***** Data extract

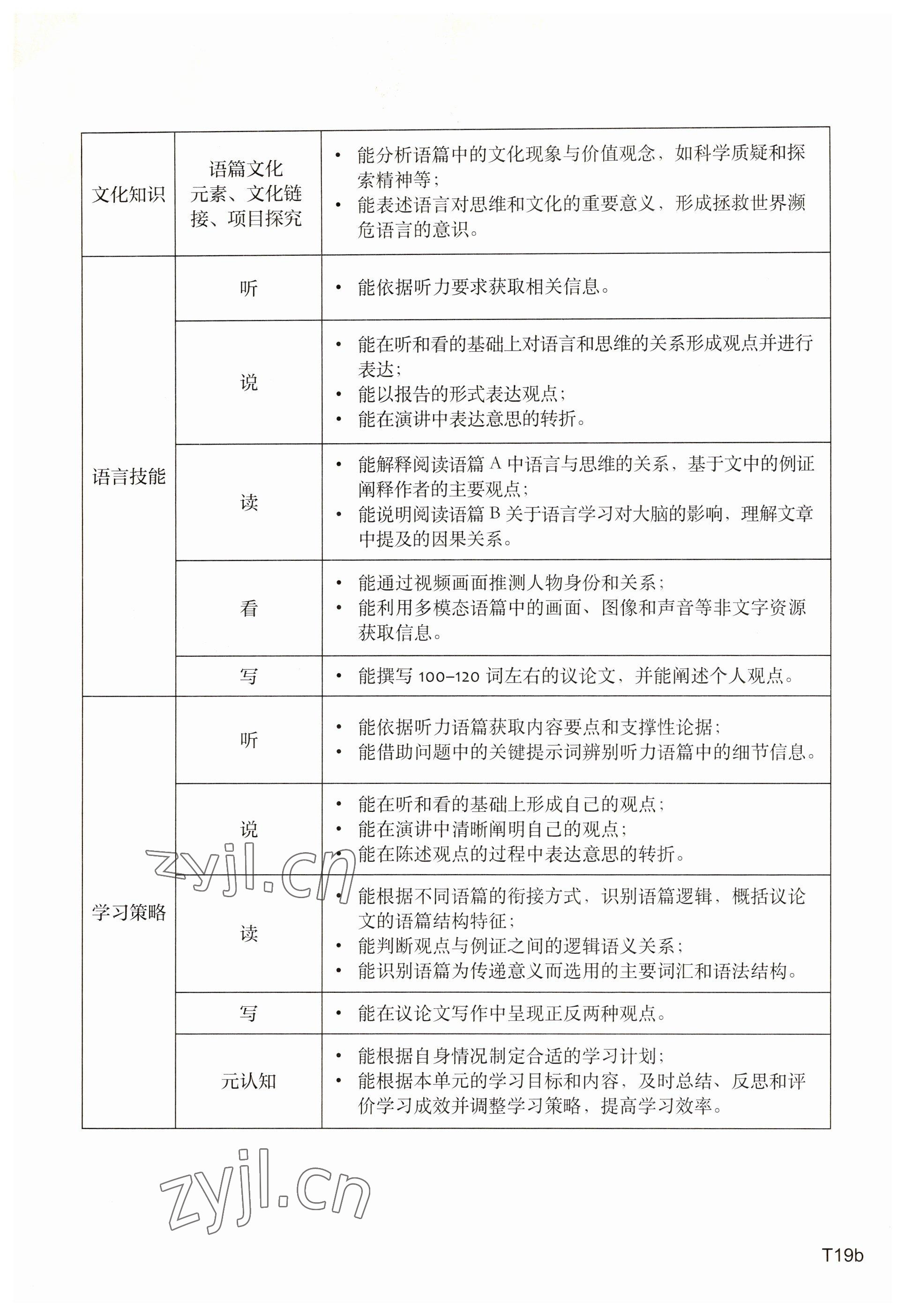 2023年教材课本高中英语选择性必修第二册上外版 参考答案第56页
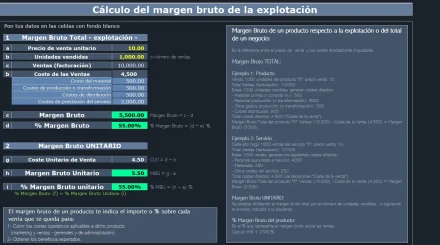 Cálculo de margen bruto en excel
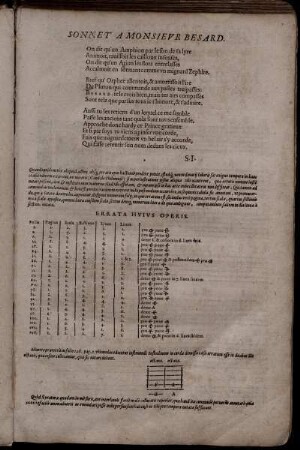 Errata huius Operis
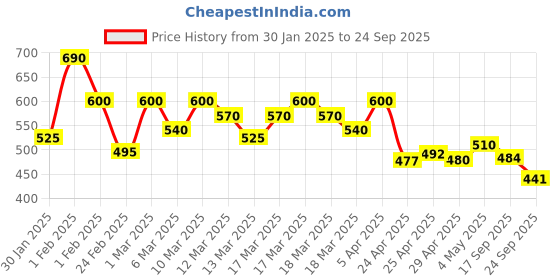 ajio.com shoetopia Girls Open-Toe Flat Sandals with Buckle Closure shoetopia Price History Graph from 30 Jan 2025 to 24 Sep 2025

**********

**Work order:**
Transcribe only the lines from the line holding "Cálculo de margen bruto en excel" to the final line of the listing above. Keep them exact, include both ends, and skip the pictures.

**Written reply:**
 Cálculo de margen bruto en excel
 Errata huius Operis
 ajio.com shoetopia Girls Open-Toe Flat Sandals with Buckle Closure shoetopia Price History Graph from 30 Jan 2025 to 24 Sep 2025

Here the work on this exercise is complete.